Overigens zal de inbreng van Nederland vanzelfsprekend niet beperkt blijven tot de formele gelegenheden daartoe. Gedurende het proces kunnen technische of beleidsmatige punten opkomen waarover informeel overleg met de lidstaten plaats kan hebben. Waar nodig zal ook contact worden gezocht met de relevante vertegenwoordigers in de EP-commissies. Ik zal mij actief blijven inzetten om lopende het gehele proces het Nederlandse standpunt onder de aandacht van de onderhandelingspartners te brengen. Indien er tussentijdse ontwikkelingen plaatsvinden zal uw Kamer hierover worden geïnformeerd.

Motie Omtzigt effecten uitvoering Nederlandse pensioenregeling in het buitenland

De heer Omtzigt (CDA) heeft gevraagd naar de mogelijke effecten van het verhuizen van pensioenfondsen naar een andere lidstaat met betrekking tot de belastingclaim en het Hogan-arrest (Kamerstuk 33 931, nr. 3).

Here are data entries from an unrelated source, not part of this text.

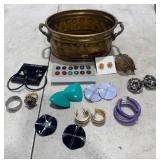 Jewelry & Brass Container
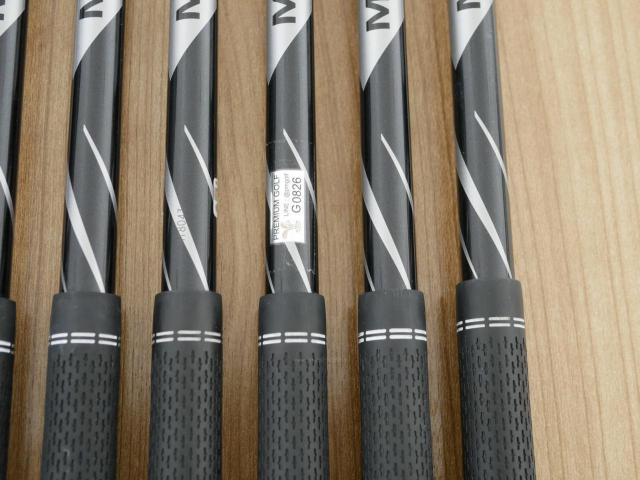 Iron set : Titleist : ชุดเหล็ก Titleist AP1 718 (ออกปี 2018) มีเหล็ก 5-Pw (6 ชิ้น) ก้านกราไฟต์ Fujikura MCI 60 Flex S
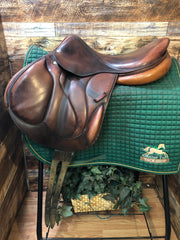 17.5" Devoucoux Chiberta Monoflap Saddle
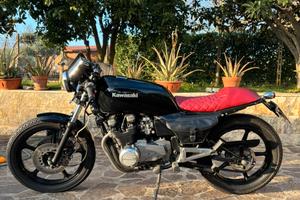 Kawasaki Z 550 F cafe racer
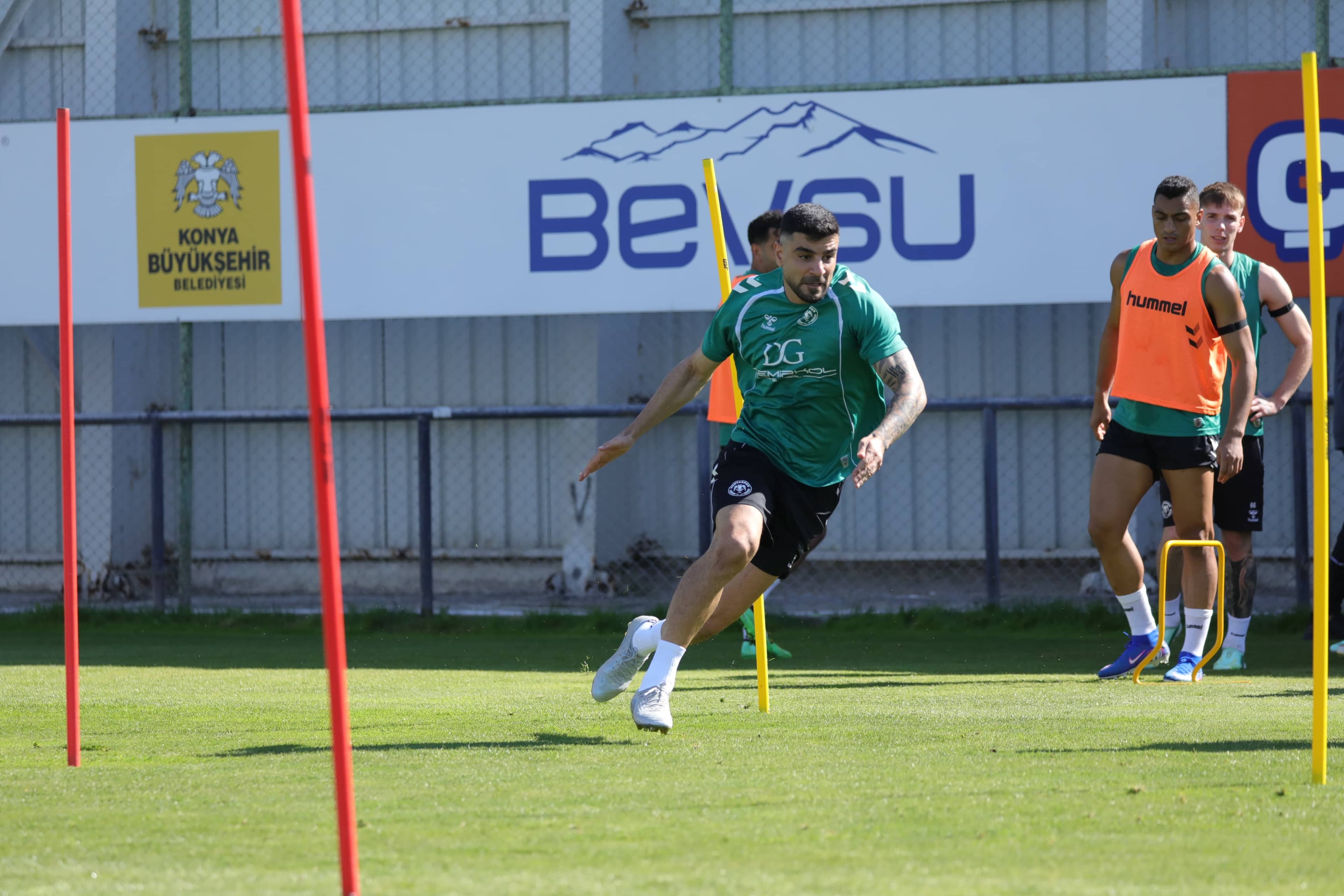Başakşehir FK maçı hazırlıklarını tamamladık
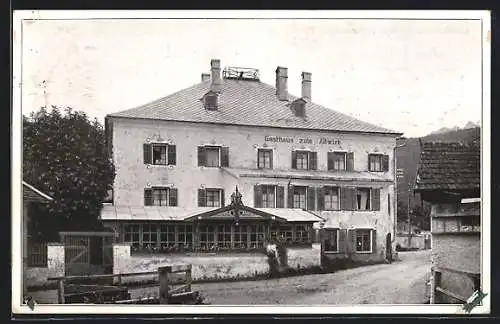 AK Kematen /Tirol, Gasthaus zum Altwirt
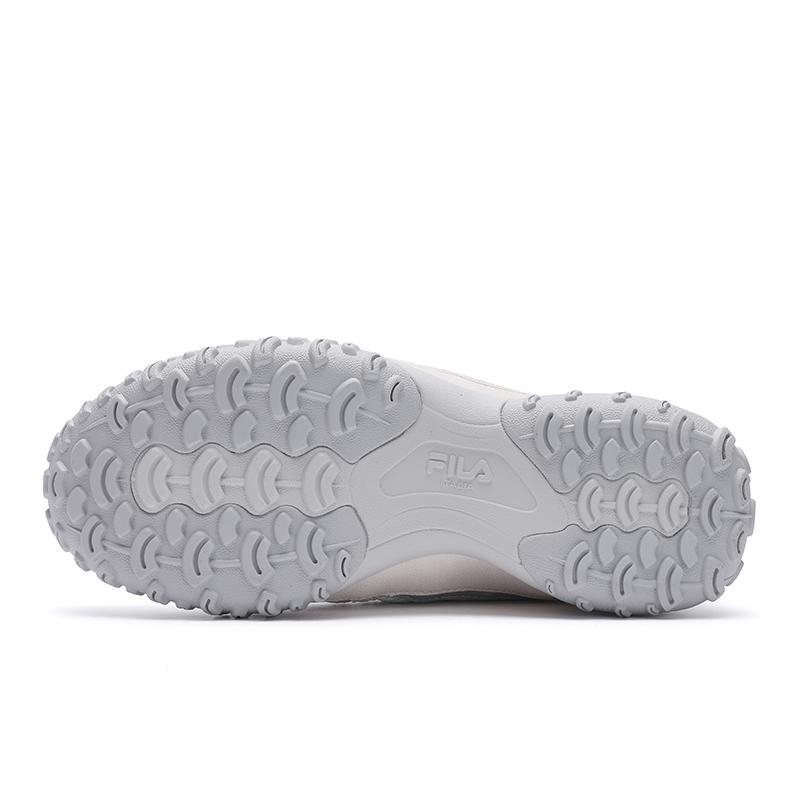 FILA ECHAPPE Ballet Shoes Fashion Versatile Comfortable Breathable Low-Top Casual Training Running Shoes Women sneaker Gray Pink F12W522113FOC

In een eerdere brief van de Staatssecretaris van Sociale Zaken en Werkgelegenheid van 3 december 2013 (Kamerstuk 32 043, nr. 187) is reeds een analyse gemaakt van de gevolgen van het arrest van het Europees Hof van Justitie in zaak C-398/11 (Hogan-arrest). Deze brief concludeert dat voor Nederland het arrest geen directe gevolgen heeft en aanvullende maatregelen niet noodzakelijk zijn. In het geval dat een Nederlandse pensioenregeling grensoverschrijdend wordt uitgevoerd, is het prudentiële kader van het land waar de regeling wordt uitgevoerd van toepassing. Aangezien Nederland geen mogelijkheden heeft om daarop in te grijpen ligt het niet in de rede dat de Nederlandse Staat aansprakelijk kan worden gesteld in het geval dat de werknemers in kwestie niet meer dan 49% ontvangen van de waarde van de door hen opgebouwde rechten op pensioenuitkeringen.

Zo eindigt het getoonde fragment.